▸ WORK TASK
Having located the line with "Vintage oval mirror", print it and each remaining line exactly, stopping at the end of the material and omitting pictures.

▸ DATASET
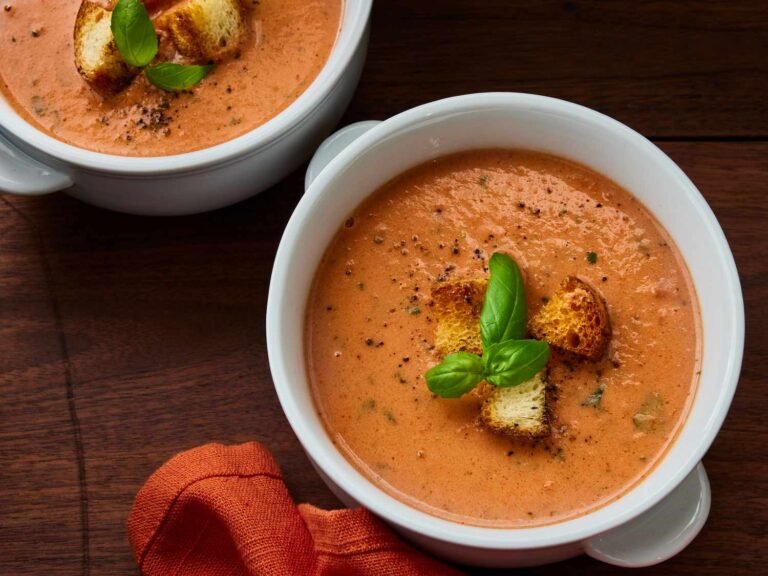 Quick and Delicious Tomato Basil Soup Recipe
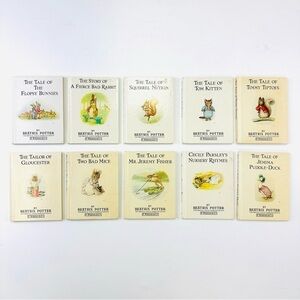 Beatrix potter set of 10 books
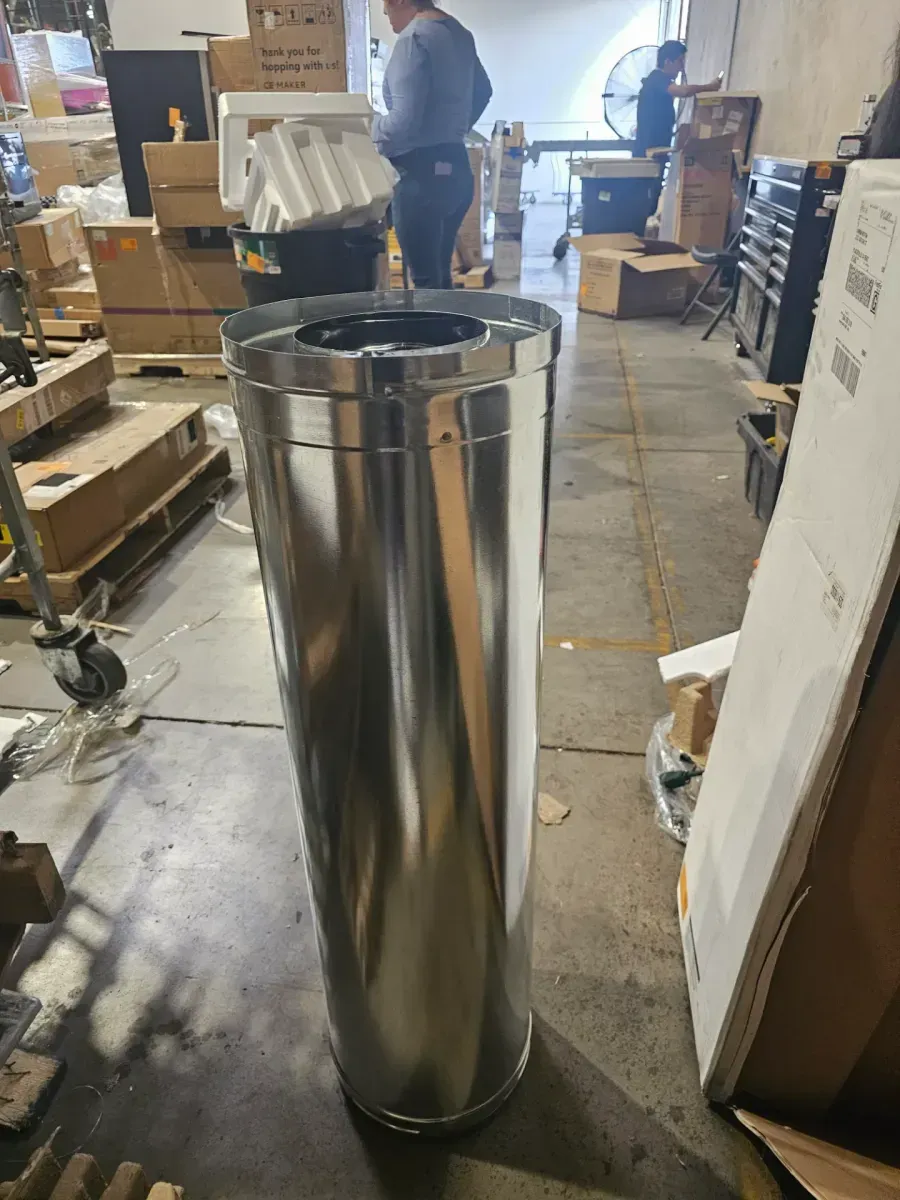 Wood Stove Through-The-Wall Chimney Vent Kit - image 2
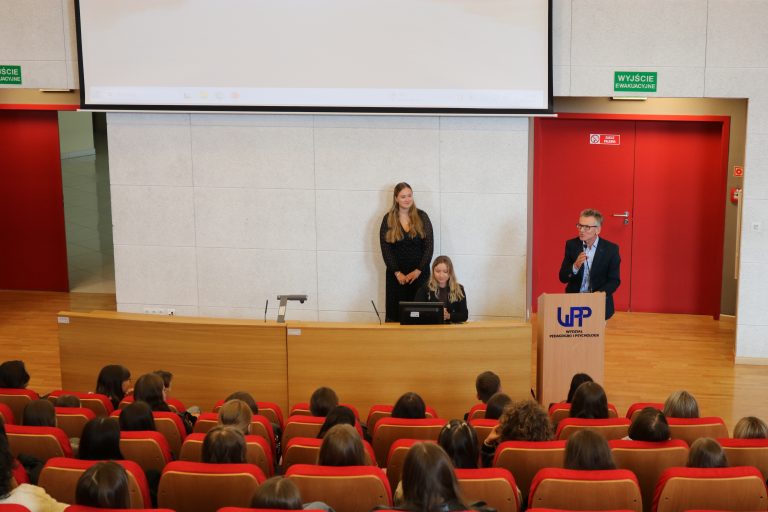Przemówienie do studentów podczas Dnia Zero na WPP UJK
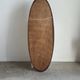 Vintage oval mirror in oak with bevelled glass H120 W43 D2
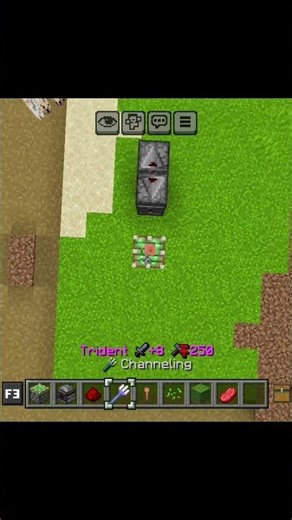 easy lighting bolt in Minecraft PE+JAVA #lighting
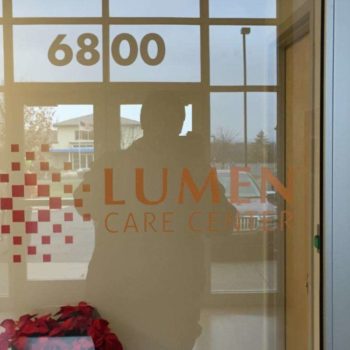 Lumen Care Center Glass door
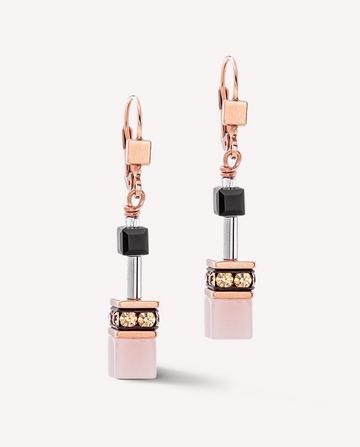 Coeur De Lion GeoCUBE® Soft Rose Earrings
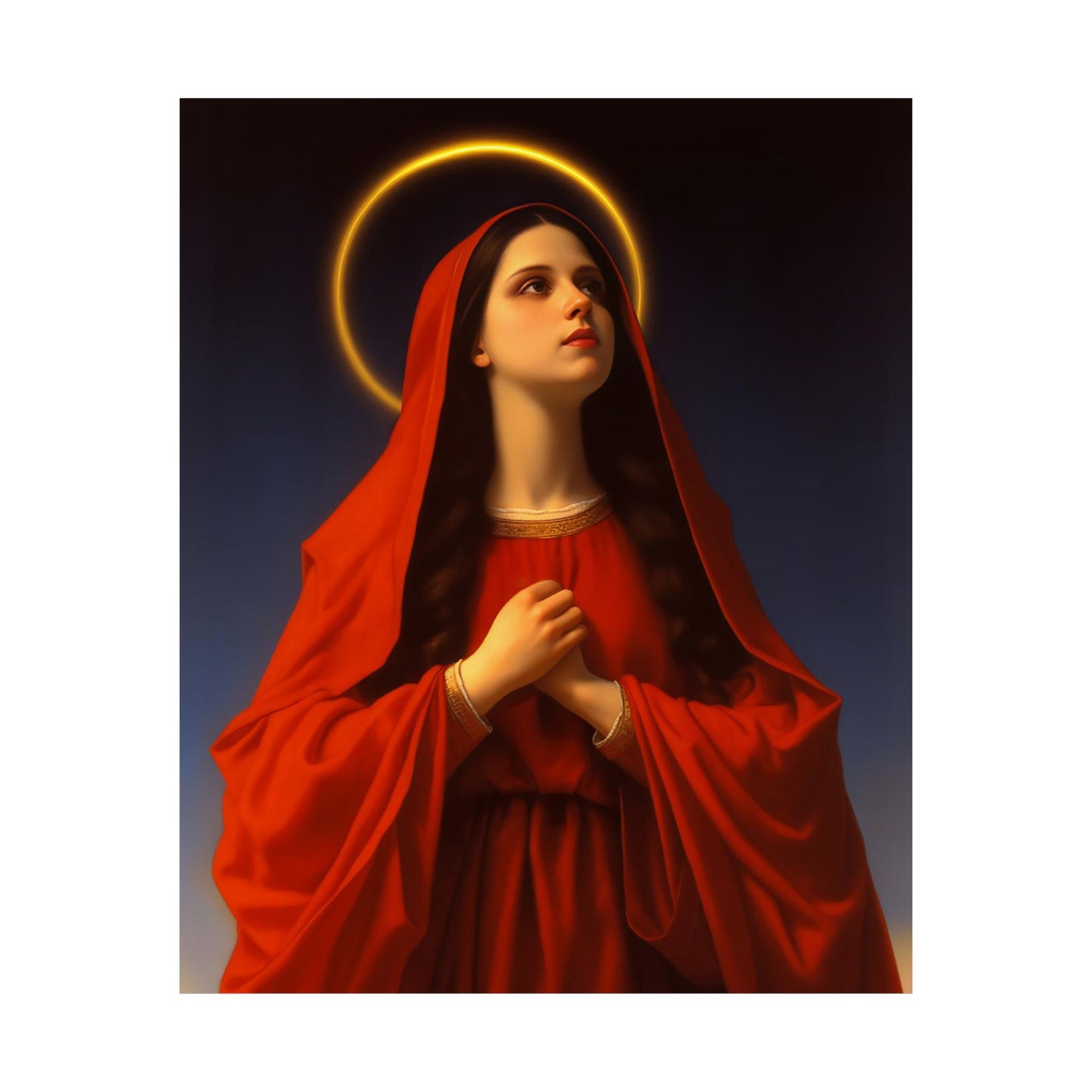 Mary the Blessed Virgin - Sanctified Souls Print - Multiple Sizes - Premium Matte Vertical Posters - Virgin Mary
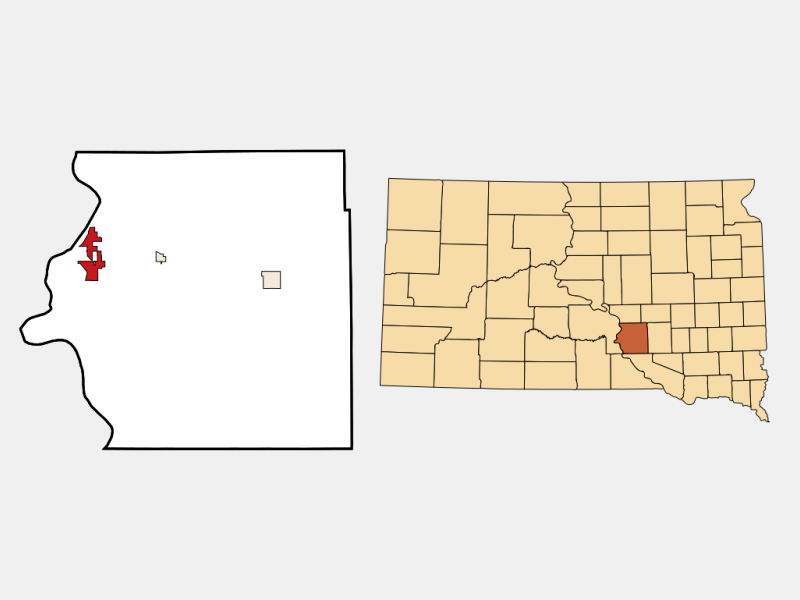 Chamberlain South Dakota Map Chamberlain, SD Geographic Facts & Maps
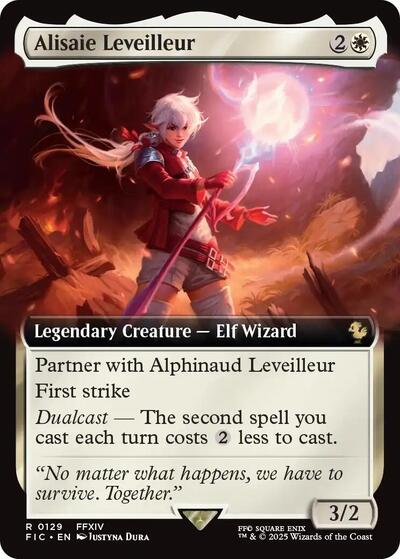 Alisaie Leveilleur (Extended Art) (Commander: FINAL FANTASY) Near Mint Foil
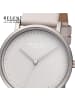 Regent Armbanduhr-Analog grau mittel (ca. 36mm) Regent Lederarmband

▸ SOLUTION FOR THIS EXERCISE
 Vintage oval mirror in oak with bevelled glass H120 W43 D2
 easy lighting bolt in Minecraft PE+JAVA #lighting
 Lumen Care Center Glass door
 Coeur De Lion GeoCUBE® Soft Rose Earrings
 Mary the Blessed Virgin - Sanctified Souls Print - Multiple Sizes - Premium Matte Vertical Posters - Virgin Mary
 Chamberlain South Dakota Map Chamberlain, SD Geographic Facts & Maps
 Alisaie Leveilleur (Extended Art) (Commander: FINAL FANTASY) Near Mint Foil
 Regent Armbanduhr-Analog grau mittel (ca. 36mm) Regent Lederarmband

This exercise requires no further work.